Your goal:
Copy every entry exactly as given, minus the images.

Provided entries:
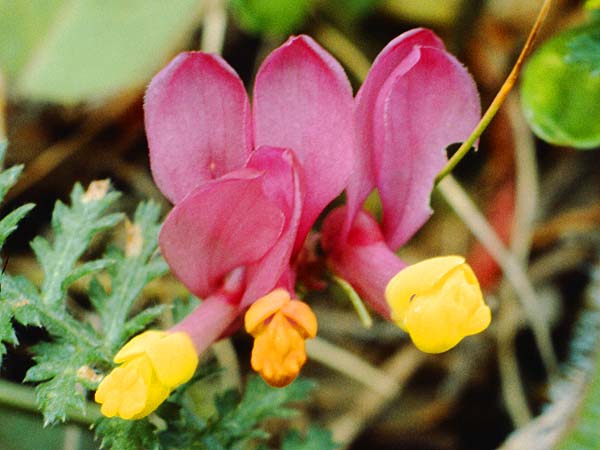 Polygala chamaebuxus var. grandiflora / Shrubby Milkwort, I Lago del Benaco, Sasso 7.5.1986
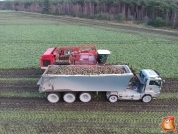 Sugar beets harvest at van den Borne aardappelen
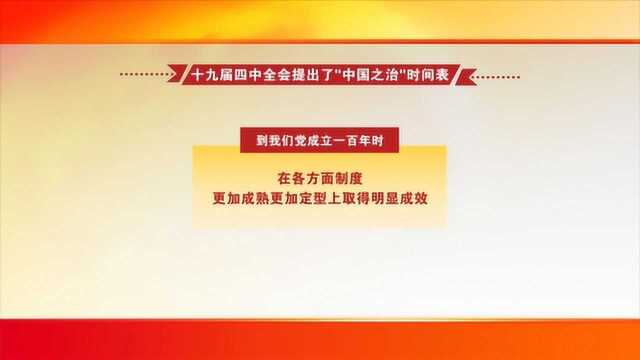 “总体目标”呼应中国特色社会主义制度发展的三个阶段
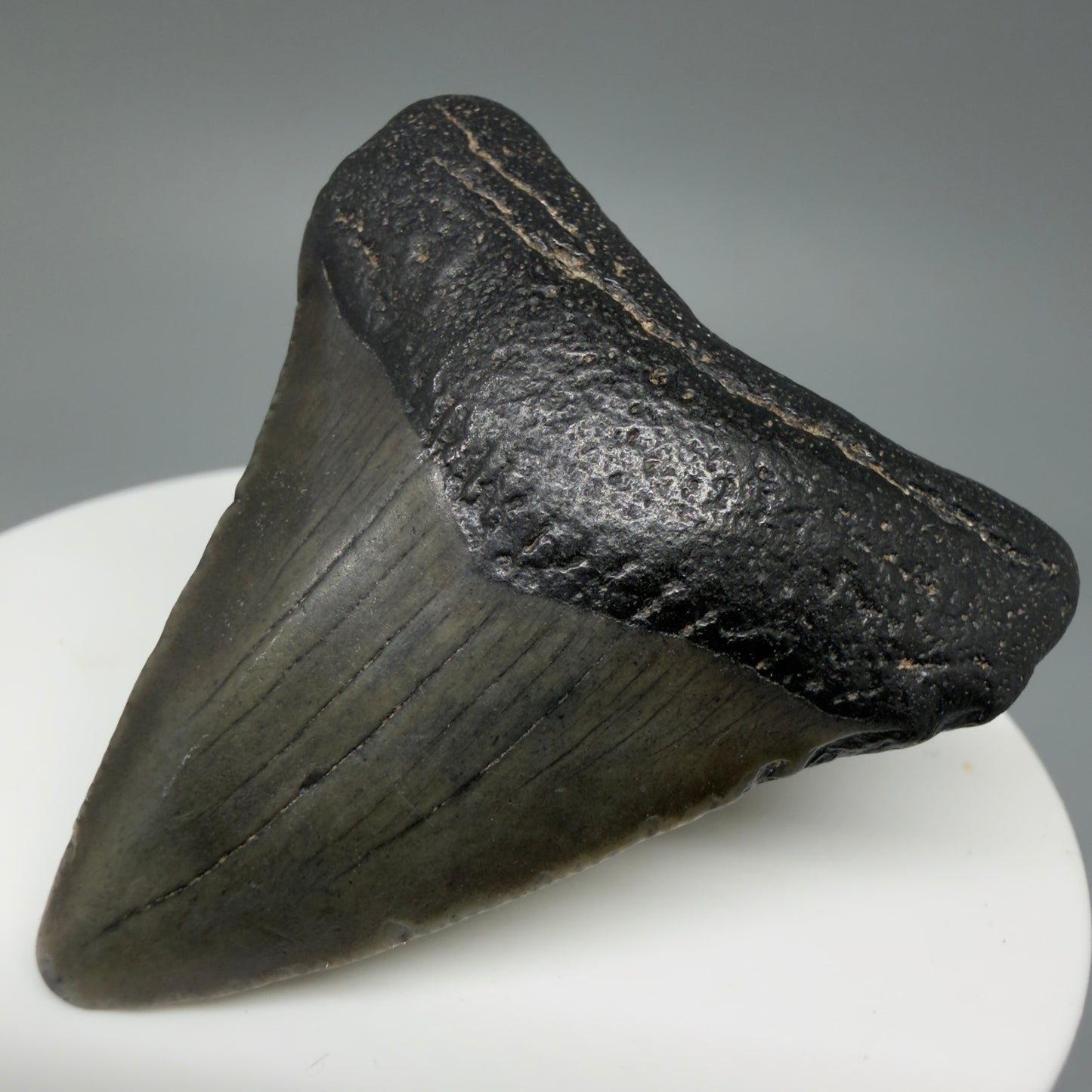 Front Right View 1.93" Colorful Fossil Megalodon Tooth – South Carolina River Find | Authentic CM6027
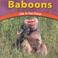 Cover of: Baboons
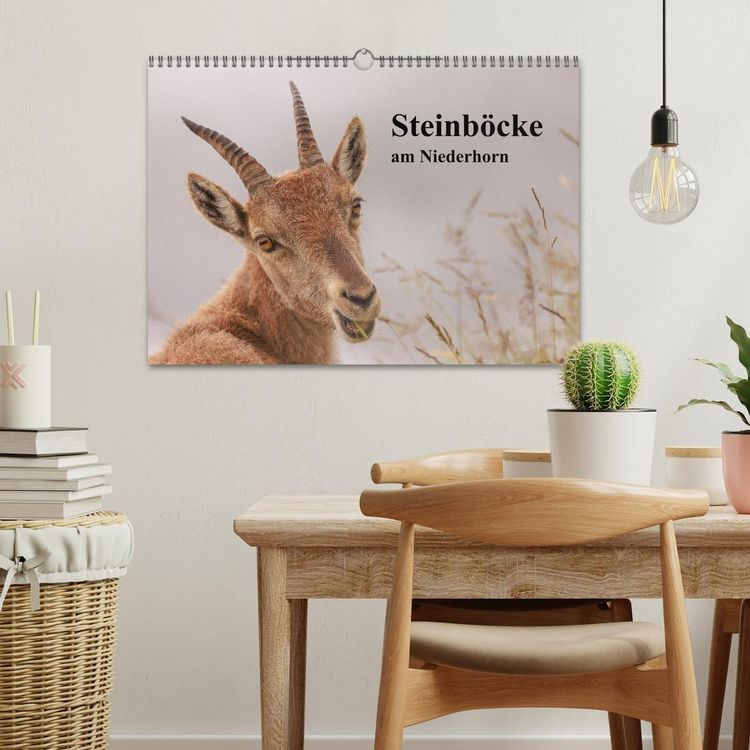 Produktbild: Steinb&ouml;cke am Niederhorn (Wandkalender 2026 DIN A3 quer), CALVENDO Monatskalender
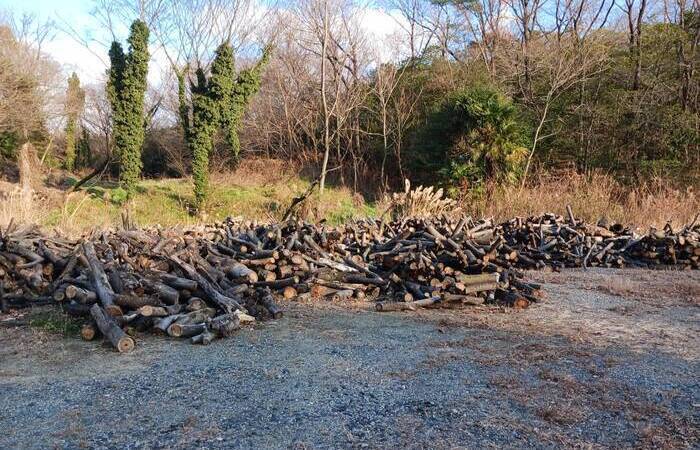 集積した伐採木の写真
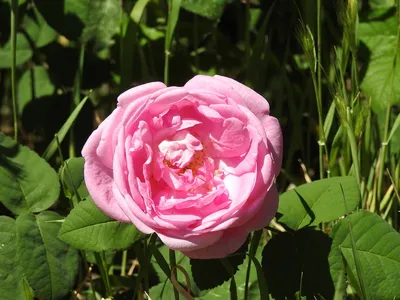Восхитительное изображение алой розы в формате png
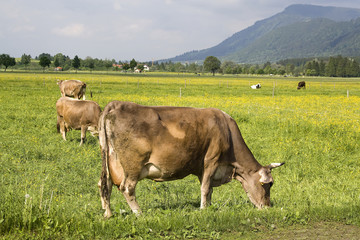 grazing cows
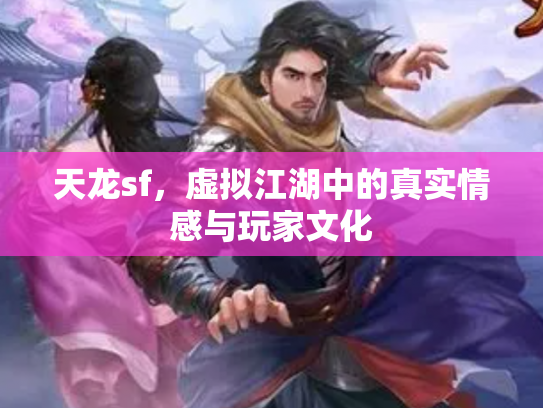 天龙sf，虚拟江湖中的真实情感与玩家文化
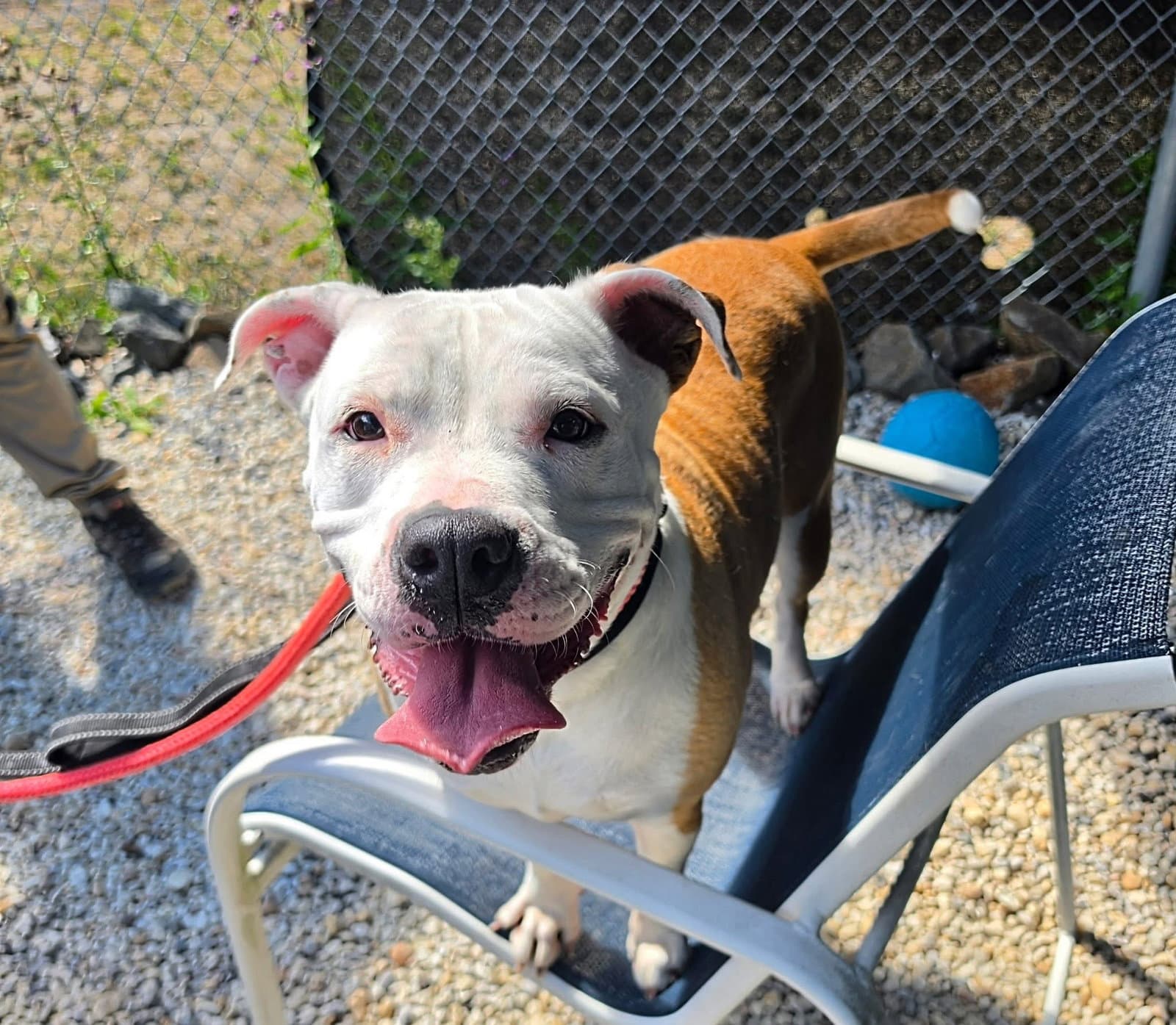 Millie - American Bulldog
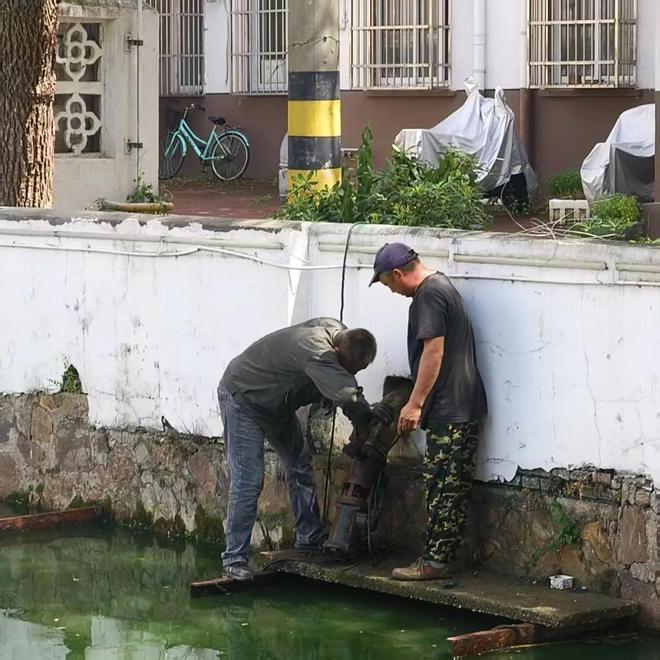 刚刚台风中心抵达常州！！昨夜风声呼啸、暴雨如注……(图4)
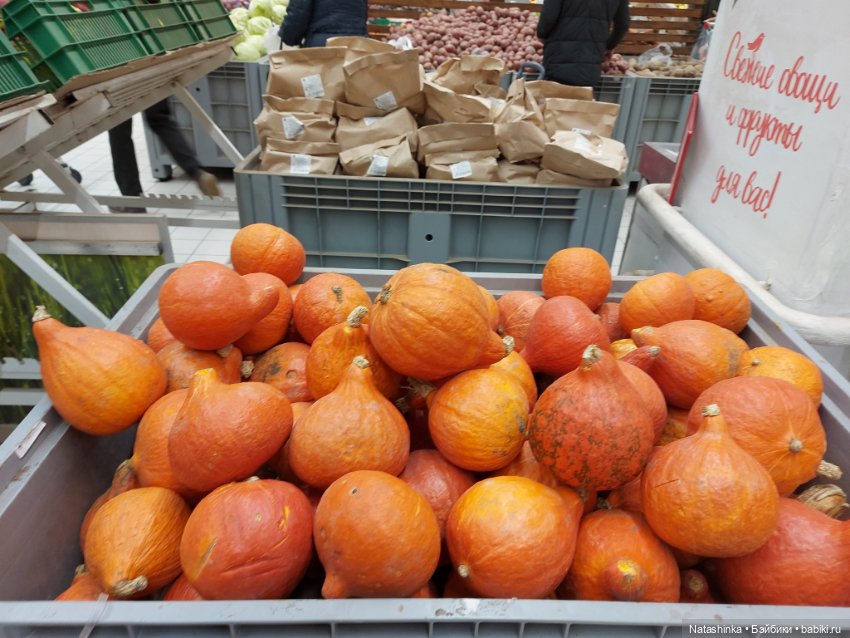 Fashion Dolls 300 — Куклы Звезды подиума (Angel Collection): шарнирные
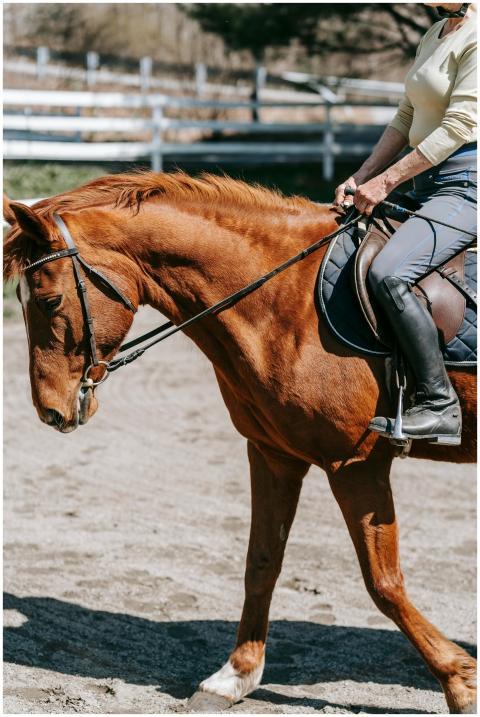 Adult woman riding a chestnut horse in an outdoor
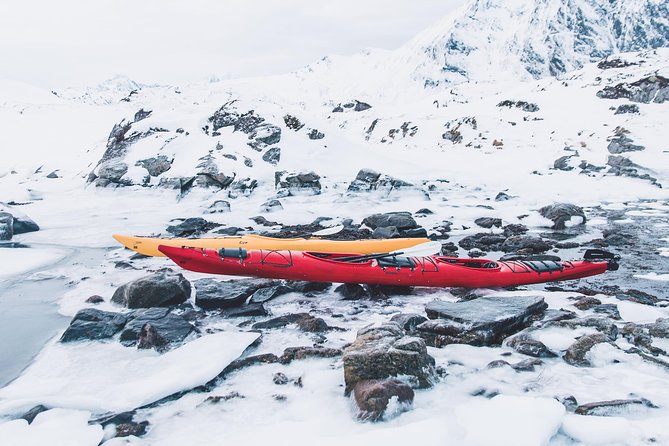 Winter Half Day Kayak Tour - Is $118.45 a fair price?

Response to the task:
 Polygala chamaebuxus var. grandiflora / Shrubby Milkwort, I Lago del Benaco, Sasso 7.5.1986
 Sugar beets harvest at van den Borne aardappelen
 “总体目标”呼应中国特色社会主义制度发展的三个阶段
 Front Right View 1.93" Colorful Fossil Megalodon Tooth – South Carolina River Find | Authentic CM6027
 Cover of: Baboons
 Produktbild: Steinb&ouml;cke am Niederhorn (Wandkalender 2026 DIN A3 quer), CALVENDO Monatskalender
 集積した伐採木の写真
Восхитительное изображение алой розы в формате png
 grazing cows
 天龙sf，虚拟江湖中的真实情感与玩家文化
 Millie - American Bulldog
 刚刚台风中心抵达常州！！昨夜风声呼啸、暴雨如注……(图4)
 Fashion Dolls 300 — Куклы Звезды подиума (Angel Collection): шарнирные
 Adult woman riding a chestnut horse in an outdoor
 Winter Half Day Kayak Tour - Is $118.45 a fair price?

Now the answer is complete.